These letters were written by Trotsky in English
February 10, 1940
Dear Comrade Goldman,
I agree completely with your letter of February 5. If I published Abern’s remark about the split, it was with the purpose of provoking a clear and unambiguous statement from Comrade Abern and other leaders of the opposition—not about the alleged hidden intentions of the majority leaders in this respect but about their own.
I have already heard the aphorism about the “second-class citizens.” I would ask the leaders of the opposition: When they call the opposing group, “Cannon’s clique” or “conservative bureaucrats” and so on, do they wish to make second-class citizens of them? I can only add that extreme sensitiveness is one of the most salient features of every petty-bourgeois faction. I don’t know if Shachtman, for example, wishes by his “Open Letter” to make me a second-class citizen. I am interested only in his ideas, not in his psychoanalytical guessing.
I am a bit under the impression that, unnerved by a series of mistakes, the leaders of the opposition push each other into a hysterical mood and then in order to justify their factional hysteria in their own eyes, they attribute to their adversaries the darkest and most incredible designs. When they say my exchange of letters with Cannon was a camouflage, I can only shrug my shoulders.
The best treatment for petty-bourgeois hysteria is Marxist objectivism. We will continue to discuss dialectics, Marxian sociology, the class nature of the Soviet state, the character of the war, not with the absurd and criminal purpose of provoking a split, but with the more reasonable purpose of convincing an important part of the party and of helping it pass over from a petty-bourgeois position to a proletarian one.
With warmest comradely greetings,
February 19, 1940
Dear Comrade Goldman,
A convention of the minority is only a caucus on a national scale. This is why it does not signify, in itself, a principled change of the situation. It is only a new step on the same road, a bad step on the road of split, but not necessarily the split itself. Possibly, even surely, there are two or three tendencies inside the opposition in respect to the split question and the aim of the convention is to unify them. On what basis? Probably some leaders don’t see in their desperation any other way than a split.

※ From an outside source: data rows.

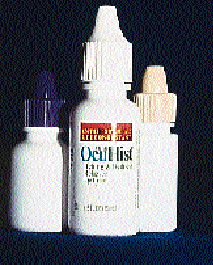 This part of the monobloc (above) shows bottles indexing first to the filling heads, then to the plugging stations. Tracks feedi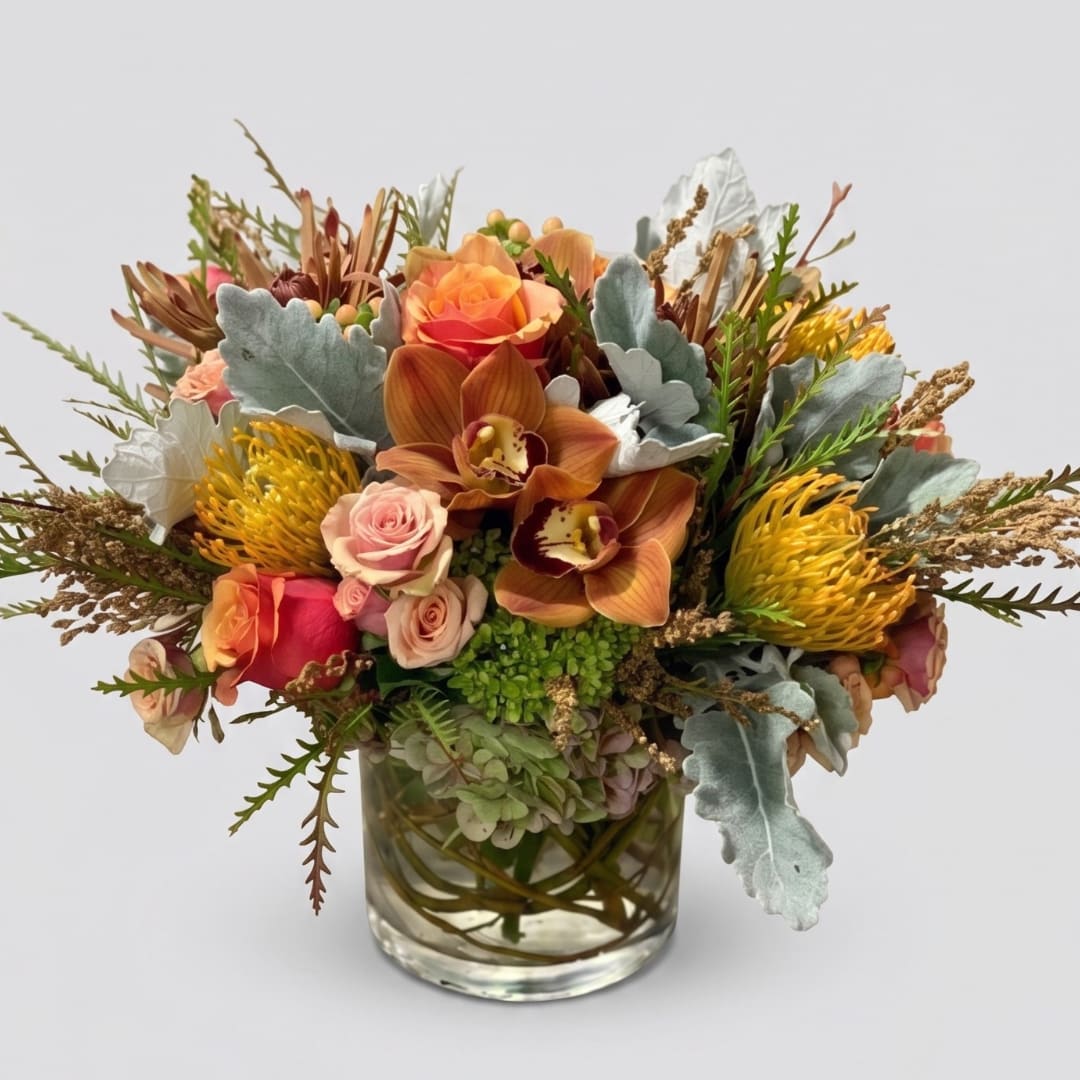Mixed bouquet of orange, pink, and yellow flowers in a clear glass vase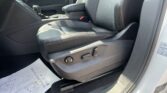 Front passenger area of a car with black leather seats, center console, gear shifter, and door panel visible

Under these conditions a vigorous intervention in favor of unity by the majority could possibly make more difficult the task of the conscious splitters. Could not your caucus or possibly even better, the official majority of the N.C. or the P.C. address the Cleveland convention with a message concerning one question only, namely, the unity of the party. In such a letter I wouldn’t introduce the question of the character of the Soviet Union or of the mixed war, otherwise it could be understood that their position on these questions must be abandoned as a precondition for remaining in the party. Not at all. You accept them as they are, if they have a real devotion to the party and the Fourth International and are ready to accept discipline in action.
With best greetings,
The minority convoked a conference of their group in Cleveland on February 24–25, 1940. This conference resolved that there existed two politically irreconcilable tendencies in the party and that “the party must extend to whichever group is the minority at the convention the right to publish a public political journal of its own defending the general program of the Fourth International [and which] would at the same time present in an objective manner the special position of its tendency on the disputed Russian question.” The majority rejected the demands of the minority.—Ed.